Dönüşümsel düşünce yapısı

Veri merkezi operasyonlarına tabi geniş çaplı enerji rezervleri ve altyapıları mevcut olduğunun altını çizen Özcan, "EnergyAware UPS ünitelerinin kullanımıyla, bu back-up üniteler şebekeyi doyurmak için kullanılabilir. Ulusal enerji pazarları, bu hizmetlerin (frekans kontrolü, seri frekans yanıtı, talebe tarafından yanıt) arz edilmesine ve satın alınmasına ihtimal tanımak için açılıyor.

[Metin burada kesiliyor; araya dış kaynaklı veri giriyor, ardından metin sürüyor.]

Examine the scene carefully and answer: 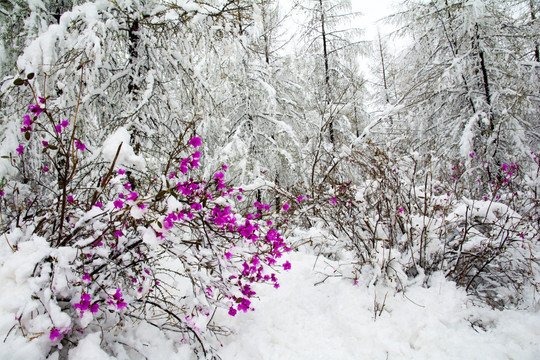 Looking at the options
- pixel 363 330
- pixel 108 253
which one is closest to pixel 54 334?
pixel 108 253

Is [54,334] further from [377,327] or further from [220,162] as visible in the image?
[220,162]

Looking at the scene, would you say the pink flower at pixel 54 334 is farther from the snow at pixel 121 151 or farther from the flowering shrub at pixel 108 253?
the snow at pixel 121 151

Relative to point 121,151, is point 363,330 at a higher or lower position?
lower

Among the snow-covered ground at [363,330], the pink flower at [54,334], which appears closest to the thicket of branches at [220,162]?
the pink flower at [54,334]

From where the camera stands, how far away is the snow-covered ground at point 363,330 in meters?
1.80

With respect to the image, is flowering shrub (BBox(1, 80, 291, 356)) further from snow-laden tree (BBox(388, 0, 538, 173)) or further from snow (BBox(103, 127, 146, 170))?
snow-laden tree (BBox(388, 0, 538, 173))

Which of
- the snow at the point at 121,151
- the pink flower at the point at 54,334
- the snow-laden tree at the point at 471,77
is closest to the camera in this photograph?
the pink flower at the point at 54,334

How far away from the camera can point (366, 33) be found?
8.16 m

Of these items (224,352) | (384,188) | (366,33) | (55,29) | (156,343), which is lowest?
(224,352)

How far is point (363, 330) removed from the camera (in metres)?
2.10

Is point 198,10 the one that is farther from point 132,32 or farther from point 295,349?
point 295,349

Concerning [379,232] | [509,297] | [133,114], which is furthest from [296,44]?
[509,297]

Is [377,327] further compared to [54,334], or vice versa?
[377,327]

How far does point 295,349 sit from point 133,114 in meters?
2.98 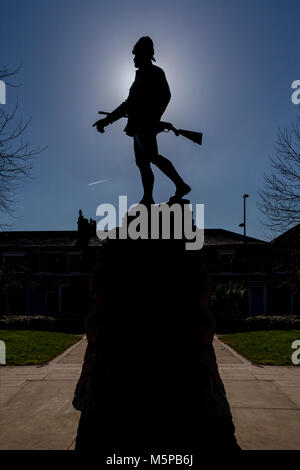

Bu hizmetler, birincil yükler ve IT yükleri üzerinde sıfır etkiyle veri merkezleri kadar sağlanıyor. Bilgi merkezi endüstrisi bu hizmetleri sunabilirse, bir şebekenin benimseyebileceği yenilenebilir enerji üzerindeki kota kaldırılabilir. Bu da bir data merkezinin yenilenebilir enerjiyi benimsemesini hızlandırabilir, şebekeyi ulusal seviyede yeşillendirebilir ve kendi öncelikli elektrik kaynağı üzerindeki riski hafifletebilir. Dönüşümsel akıl yapısı ifadesiyle kastedilen budur. Data merkezlerinin sayısı, enerji yayılma şirketleri tarafından sunulan şebeke hizmetleri için artırılabilir. Bu Nedenle bir kazan-kazan durumu ortaya çıkar: Şebekeyi yeşillendirmenin yanı sıra, data merkezi operatörleri, mevcut altyapılar maliyetlerini dengelemek için yeni bir kazanç akışından faydalanabilir. EnergyAware UPS ünitesi, UPS ünitesinin ve benzer değiştirme gücün kullanılmasına ihtimal tanıyan teknoloyi ön plana çıkararak, şebeke rezervi işlevi görmektedir. Bu ünite, veri merkezi ve şebeke arasında iki yönlü akıntı sağlayan, politika tanımlı bütünleşik teknolojiden istifade ediyor. Değişmekte olan dünyada, olumlu sonuçlara gelmek için geleneksel zihin yapısını da değiştirmemiz gerekiyor." şeklinde konuştu.